Our texts for the class were little pamphlets printed on cheap paper with the pages stapled at the spine and the authors—besides John Stuart Mill, who is the only name I can recall—were mostly a bunch of sirs and lords of the conservative bent in England during the mid-19th Century. Boring prose that bored into no place in my brain. I tried to stay awake and compiled copious notes in my chicken-scratch cursive in my lined paper notebooks. I doodled on the pages where I tried to sketch—like stick women and men—the people in my class, a bunch of pre-law, philosophy, or business majors.

At test time, I’d go to the bookstore and buy the little “blue books”, cheap paper with flimsy white pages between pale blue covers where I’d regurgitate all the notes I’d written down in the class—if I could remember them—if I could recall my scribbled notes.

I’d learned that about the learning process.

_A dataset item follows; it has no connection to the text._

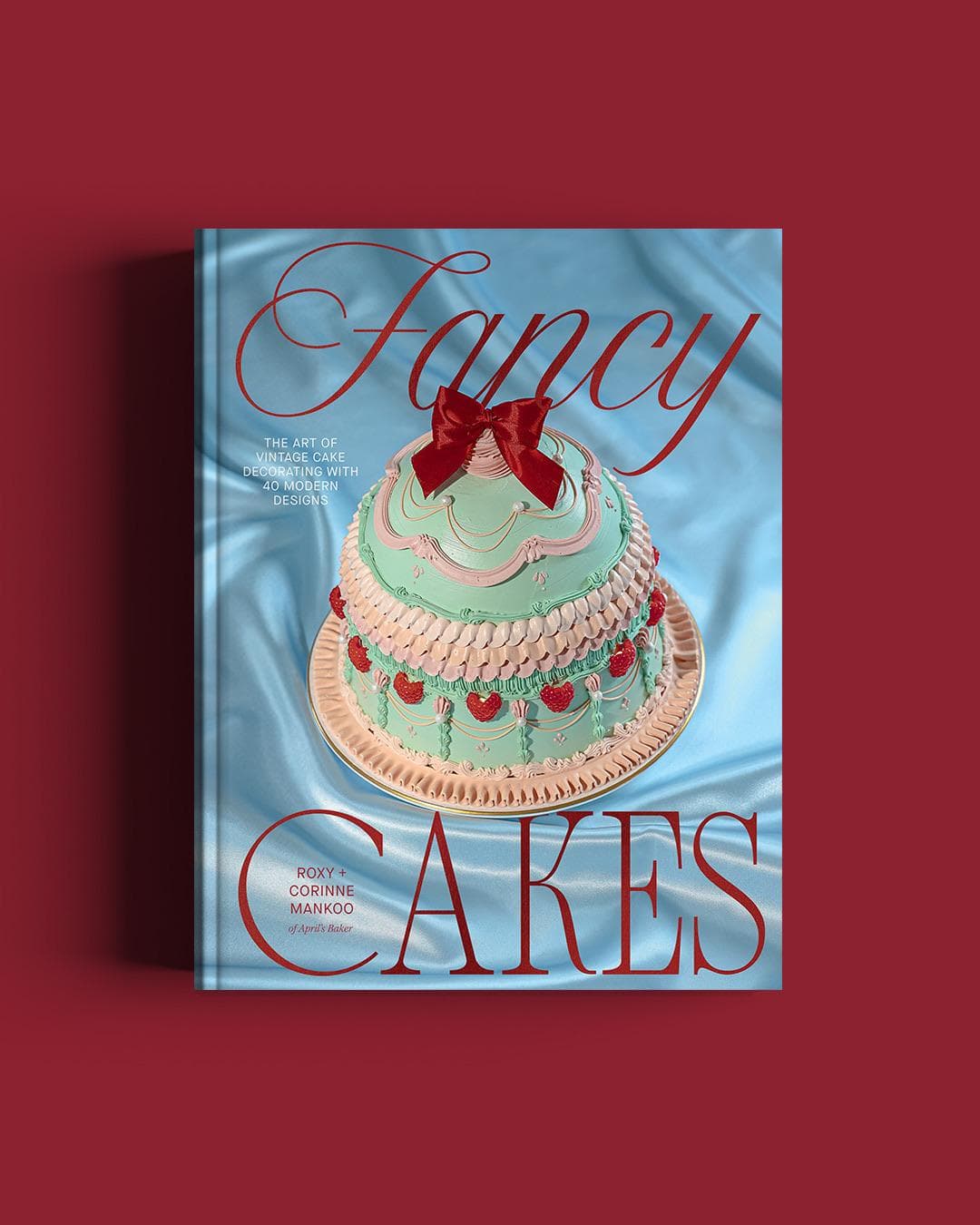 The Fancy Cakes book cover surrounded by piped cakes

A lot of my profs—the ones who taught stuff like philosophy, political science, and basic economics—preened themselves in their imaginations, or so I imagined, when you regurgitated onto the flimsy blue books required for exams the exact words they’d pontificated.

But the CPA lawyer’s drones were hard to capture. The paragraphs crooned and you swooned and you dozed, your eyelids like doors slipping shut and your attention like a hazy dream.

Ken Rodgers Photo courtesy of Betty Rodgers

And then one morning in the late days of the semester he jumped up and smacked his big flat hand on the top of his desk and screamed, “And what the fuck I mean is!” The heads of my classmates jerked and a chorus of “Huh?” rose from their mouths. Suddenly alert, I figured he’d changed character to ensure we understood what Mill meant and what Mill’s adversaries meant, and how it all played out in law and the constitution of the United States.

Standing with a contorted face, his shoulders thrown back, the prof reminded me of a mean drill instructor I might have had at Marine Corps Recruit Depot in 1966. He was, for that moment, monstrous.

Something about his eruption, and about him, the professor, resonated with me.

I mean, how often did one hear that word “fuck” blast out of the mouth of a stuff-shirted CPA lawyer college professor in the 1970s, and one so dull he could cause you to dream while sitting at a desk?

Later that day, I laughed. And I laughed that afternoon as I headed back home, the forty-five miles to my house. And I still laugh.


Except for John Stuart Mill, I have forgotten the names of all those other lawyers and philosophers that came up in that class, but I haven’t forgotten that “And what the fuck I mean is!”